## WHAT YOU NEED TO DO
Copy, exactly and without additions, every line in the records below from the one holding "Unitek Converter USB-C" through the one holding "Elegant Matte Bow", both ends included.

## RECORDS

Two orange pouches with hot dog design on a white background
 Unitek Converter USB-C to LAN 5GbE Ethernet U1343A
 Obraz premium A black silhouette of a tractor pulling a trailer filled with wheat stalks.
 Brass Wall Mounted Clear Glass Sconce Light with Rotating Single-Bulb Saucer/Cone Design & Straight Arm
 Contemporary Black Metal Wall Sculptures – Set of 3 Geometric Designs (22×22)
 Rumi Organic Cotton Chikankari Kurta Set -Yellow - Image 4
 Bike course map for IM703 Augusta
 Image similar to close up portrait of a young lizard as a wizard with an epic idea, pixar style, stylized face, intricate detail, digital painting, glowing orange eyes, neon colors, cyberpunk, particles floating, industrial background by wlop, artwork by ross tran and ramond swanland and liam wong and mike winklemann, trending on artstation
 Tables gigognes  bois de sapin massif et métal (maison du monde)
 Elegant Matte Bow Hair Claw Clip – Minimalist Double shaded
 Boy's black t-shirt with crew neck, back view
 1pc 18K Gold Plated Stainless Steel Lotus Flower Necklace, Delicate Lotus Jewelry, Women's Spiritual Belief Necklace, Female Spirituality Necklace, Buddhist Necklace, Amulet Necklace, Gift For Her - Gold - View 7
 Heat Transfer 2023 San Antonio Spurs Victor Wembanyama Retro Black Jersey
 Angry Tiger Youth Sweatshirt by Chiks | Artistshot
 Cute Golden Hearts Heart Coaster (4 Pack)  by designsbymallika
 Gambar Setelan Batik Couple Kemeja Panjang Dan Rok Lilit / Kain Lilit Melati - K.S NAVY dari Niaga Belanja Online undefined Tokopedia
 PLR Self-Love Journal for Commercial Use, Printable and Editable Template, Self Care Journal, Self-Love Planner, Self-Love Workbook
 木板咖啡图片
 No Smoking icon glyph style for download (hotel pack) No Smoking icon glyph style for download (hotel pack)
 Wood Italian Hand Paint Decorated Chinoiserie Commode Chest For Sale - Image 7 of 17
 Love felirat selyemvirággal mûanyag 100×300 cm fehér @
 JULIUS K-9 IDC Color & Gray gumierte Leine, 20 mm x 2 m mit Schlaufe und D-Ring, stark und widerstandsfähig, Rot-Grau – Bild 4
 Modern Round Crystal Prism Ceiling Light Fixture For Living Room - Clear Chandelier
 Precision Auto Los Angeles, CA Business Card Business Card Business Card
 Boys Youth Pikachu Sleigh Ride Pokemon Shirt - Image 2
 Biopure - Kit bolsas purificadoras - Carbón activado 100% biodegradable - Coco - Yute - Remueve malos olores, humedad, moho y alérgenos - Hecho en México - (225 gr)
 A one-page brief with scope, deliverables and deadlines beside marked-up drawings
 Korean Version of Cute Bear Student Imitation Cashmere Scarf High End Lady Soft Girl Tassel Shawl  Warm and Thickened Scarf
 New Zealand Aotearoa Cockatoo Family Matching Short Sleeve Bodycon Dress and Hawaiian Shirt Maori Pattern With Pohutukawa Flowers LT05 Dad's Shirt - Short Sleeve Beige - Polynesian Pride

## TASK RESULT
 Unitek Converter USB-C to LAN 5GbE Ethernet U1343A
 Obraz premium A black silhouette of a tractor pulling a trailer filled with wheat stalks.
 Brass Wall Mounted Clear Glass Sconce Light with Rotating Single-Bulb Saucer/Cone Design & Straight Arm
 Contemporary Black Metal Wall Sculptures – Set of 3 Geometric Designs (22×22)
 Rumi Organic Cotton Chikankari Kurta Set -Yellow - Image 4
 Bike course map for IM703 Augusta
 Image similar to close up portrait of a young lizard as a wizard with an epic idea, pixar style, stylized face, intricate detail, digital painting, glowing orange eyes, neon colors, cyberpunk, particles floating, industrial background by wlop, artwork by ross tran and ramond swanland and liam wong and mike winklemann, trending on artstation
 Tables gigognes  bois de sapin massif et métal (maison du monde)
 Elegant Matte Bow Hair Claw Clip – Minimalist Double shaded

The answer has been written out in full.